God is neither responsible nor sinful, even though he is the only ultimate cause of everything. He is not sinful because in the first place whatever God does is just and right. It is just and right simply in virtue of the fact that he does it. Justice or righteousness is not a standard external to God to which God is obligated to submit. Righteousness is what God does. Since God caused Judas to betray Christ, this causal act is righteous and not sinful. By definition God cannot sin. At this point it must be particularly pointed out that God’s causing a man to sin is not sin. There is no law, superior to God, which forbids him to decree sinful acts. Sin presupposes a law, for sin is lawlessness. Sin is any want of conformity unto or transgression of the law of God. But God is “Ex-lex.”

True it is that if a man, a created being, should cause or try to cause another man to sin, this attempt would be sinful. The reason is plain. The relation of one man to another is entirely different from the relation of God to any man. God is the creator; man is a creature. And the relation of a man to the law is equally different from the relation f God to the law. What holds in the one situation does not hold in the other. God has absolute and unlimited rights over all created things. Of the same lump he can make one vessel for honor and another for dishonor. The clay has no claims on the potter. Among men, on the contrary, rights are limited.
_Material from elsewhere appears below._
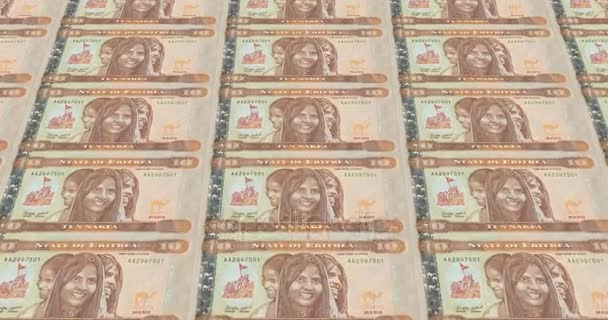 Billetes Diez Eritreos Nakfa Rodando Dinero Efectivo Bucle — Vídeos de Stock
The idea that God is above law can be explained in another particular. The laws that God imposes on men do not apply to the divine nature. They are applicable only to human conditions. For example, God cannot steal, not only because whatever he does is right, but also because he owns everything: There is no one to steal from. Thus the law that defines sin envisages human conditions and has no relevance to a sovereign creator.

As God cannot sin, so in the next place, God is not responsible for sin, even though he decrees it. Perhaps it would be well, before we conclude, to give a little more Scriptural evidence that God indeed decrees and causes sin. 2 Chronicles 18:20-22 read: “Then a spirit came forward and stood before the Lord, and said, ‘I will persuade him.’ The Lord said to him, ‘In what way?’ So he said, ‘I will go out and be a lying spirit in the mouth of all his prophets.’ And the Lord said, ‘You shall persuade him and also prevail; go out and do so.’ Now, therefore, look! The Lord has put a lying spirit in the mouth of these prophets of yours, and the Lord has declared disaster against you.” This passage definitely says that the Lord caused the prophets to lie. Other similar passages ought easily to come to one’s remembrance. But that God is not responsible for the sin he causes is a conclusion closely connected with the preceding argument.

Another aspect of the human conditions presupposed by the laws God imposes on man is that they carry with them a penalty that cannot be inflicted on God. Man is responsible because God calls him to account; man is responsible because the supreme power can punish him for disobedience. God, on the contrary, cannot be responsible for he plain reason that there is no power superior to him; no greater being can hold him accountable; no one can punish him; there is no one to whom God is responsible; there are no laws which he could disobey. The sinner, therefore, and not God, is responsible; the sinner alone is the author of sin. Man has no free will, for salvation is purely of grace; and God is sovereign.